### GIVEN DATA
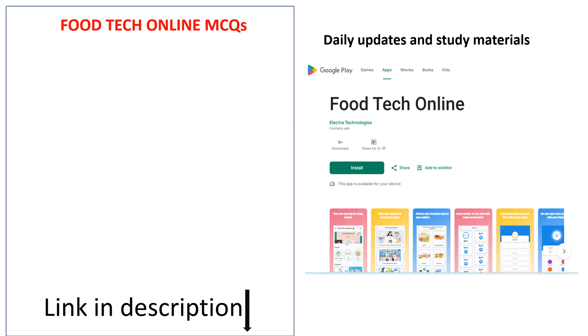For more videos, see the link in the description. For daily updates and study material, join our app via the link in the description. Please subscribe to our channel and share with your friends. Thank you.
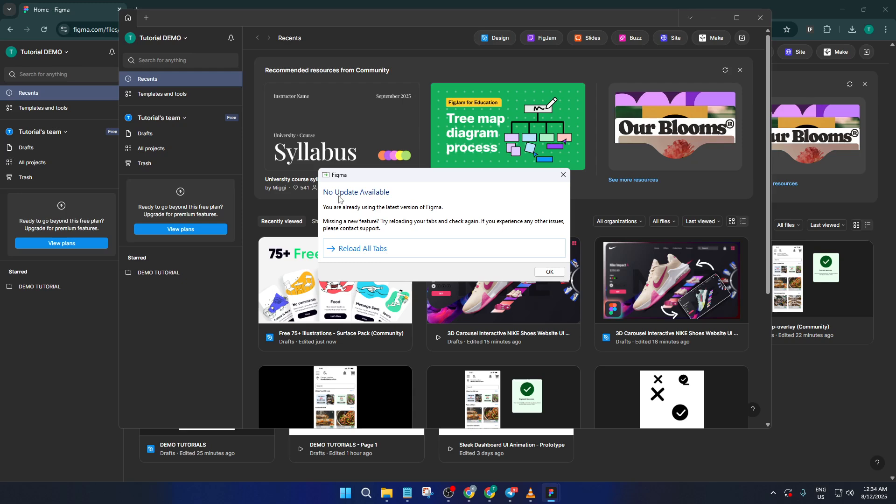If there is an update, just follow the on-screen instructions. Usually, it's as simple as clicking to download and then restarting the app briefly afterward. This process doesn't usually interrupt your work. Figma does a nice job of making updates as smooth and unobtrusive as possible.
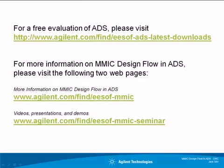For a free evaluation of ADS and for more information on MMIC design flow in ADS, please visit these webpages. Thank you for watching this video.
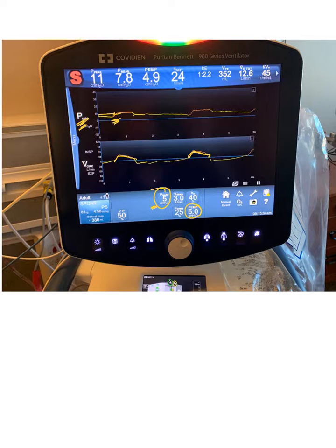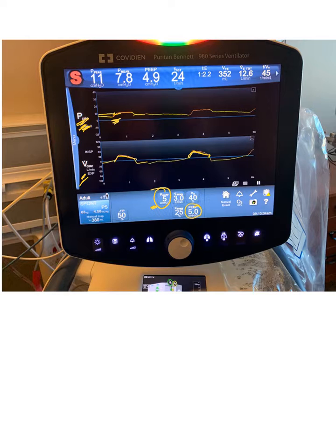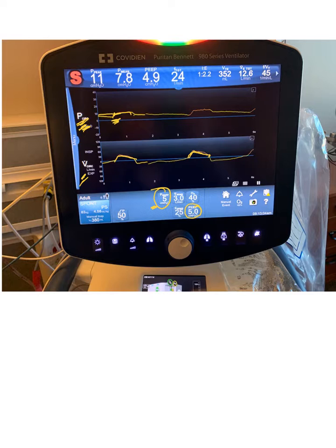By looking at the pressure waveform and the flow waveform together, you can tell which is the target. Look at every breath: if the flow is consistent, then it's a flow target. If the pressure is consistent, it's a pressure target. If the pressure is variable and not consistent, it's a flow target. If the flow is variable and not consistent, it's a pressure target.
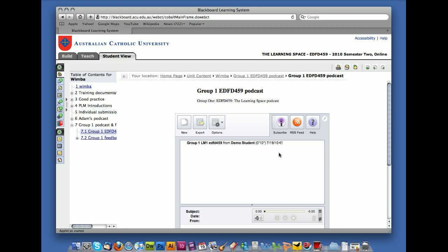And it's now looking for a podcasting bit of software to use. Now I'd recommend that the one that you should use is iTunes. Most of us have got iTunes on our computers already. But if you Google podcasters or podcasting on the net, you'll be able to find a whole raft of free sites that allow you to subscribe to podcasts.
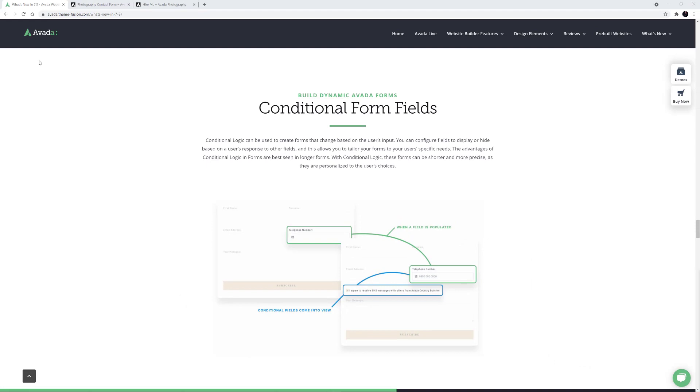The advantages of Conditional Logic in Forms is particularly seen in longer forms. With Conditional Logic, these forms can be shorter and more specific, as they are personalised to the user's choices. Let's see how this works in Avada Forms.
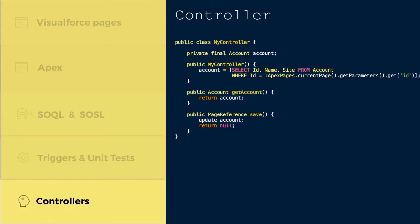Fifth, Controllers. We'll learn about customizing the behavior of a Visualforce page using a controller. A Visualforce controller is a set of instructions that specify what happens when a user interacts with the components specified in the Visualforce markup, such as when a user clicks a button or a link.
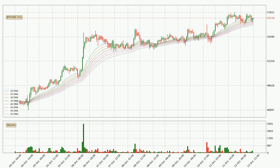Looking at the hourly exponential moving averages, at the moment the price is above the hourly ribbon, which can be perceived as bullish and the ribbon could play as a support. This means that you should watch if the price could bounce off the ribbon. The current price to watch is around 56,429. However, the ribbon is compressed, which means the current trend is not very strong and a trend change could be expected. Generally, when the price moves sideways, the ribbon gets less accurate.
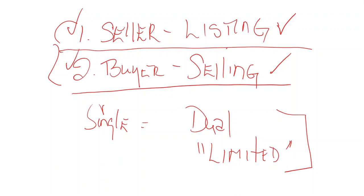Get their permission in advance of any agency activity, which includes showing them the property. Don't wait until, well, I'm going to wait until he to see if he wants to write an offer. Then I'll get it. You've already violated the rule.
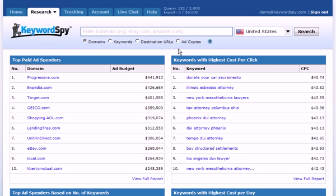Within your Keyword Spy account, there's also a great new feature called Ad Copies. Clicking the Ad Copies radio button will allow you to search for any string that's contained in any of the pay-per-click ads in the Keyword Spy database.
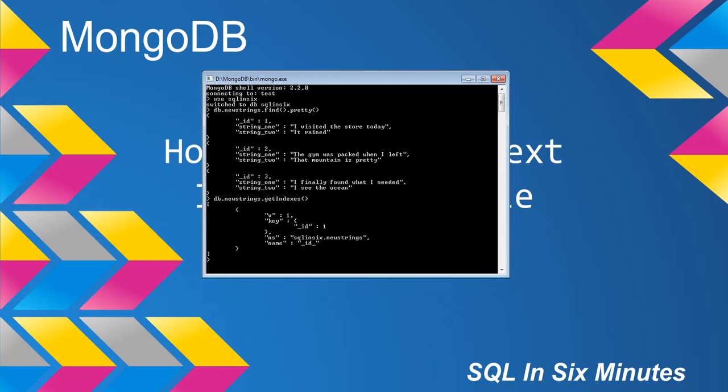So how can we do that? So we're going to do something very similar to what we did in the previous video in which we added a string index. We're going to say db.newStrings.ensureIndex. So it's the same command. Now we're going to specify, and it's going to look different.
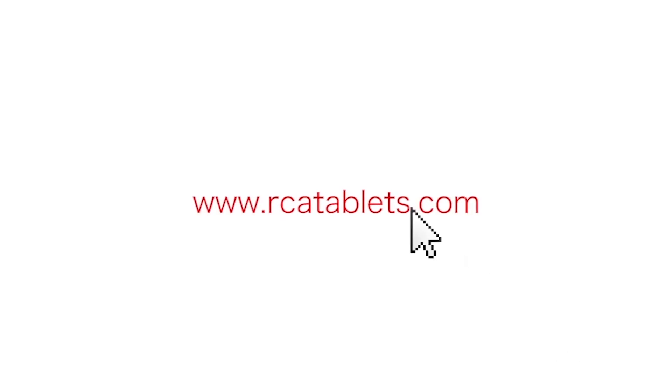We hope this tutorial was helpful to you. For more information, go to rcatablets.com.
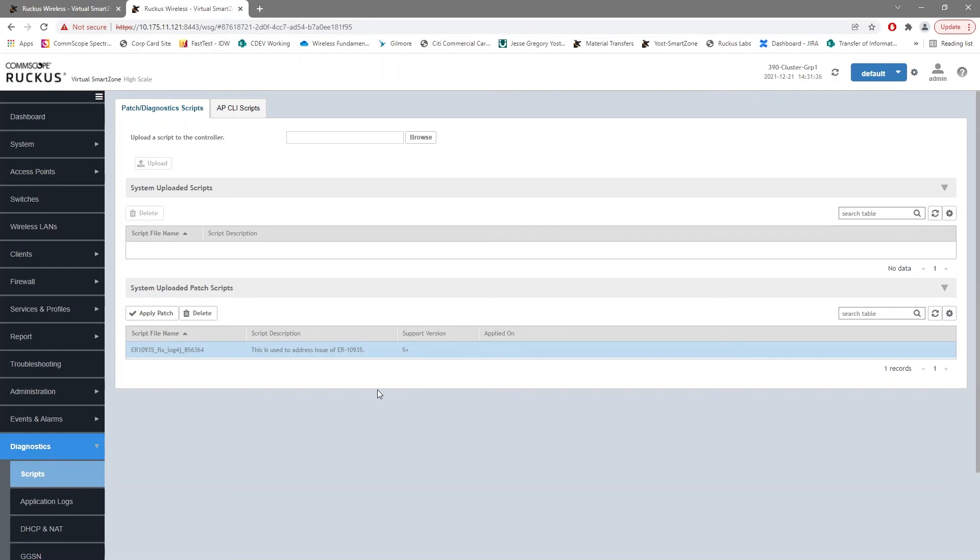For both instances or both versions, you do need to restart the nodes. So make sure that you have your change window scheduled and you have the changes approved. But the process otherwise is the same, just the location for uploading the diagnostic patch differs.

### YOUR TASK
An exact transcription is needed of the lines from the one with "And it's now" to the one with "The advantages of" above, both ends included, with pictures left out.

### WRITTEN ANSWER
And it's now looking for a podcasting bit of software to use. Now I'd recommend that the one that you should use is iTunes. Most of us have got iTunes on our computers already. But if you Google podcasters or podcasting on the net, you'll be able to find a whole raft of free sites that allow you to subscribe to podcasts.
The advantages of Conditional Logic in Forms is particularly seen in longer forms. With Conditional Logic, these forms can be shorter and more specific, as they are personalised to the user's choices. Let's see how this works in Avada Forms.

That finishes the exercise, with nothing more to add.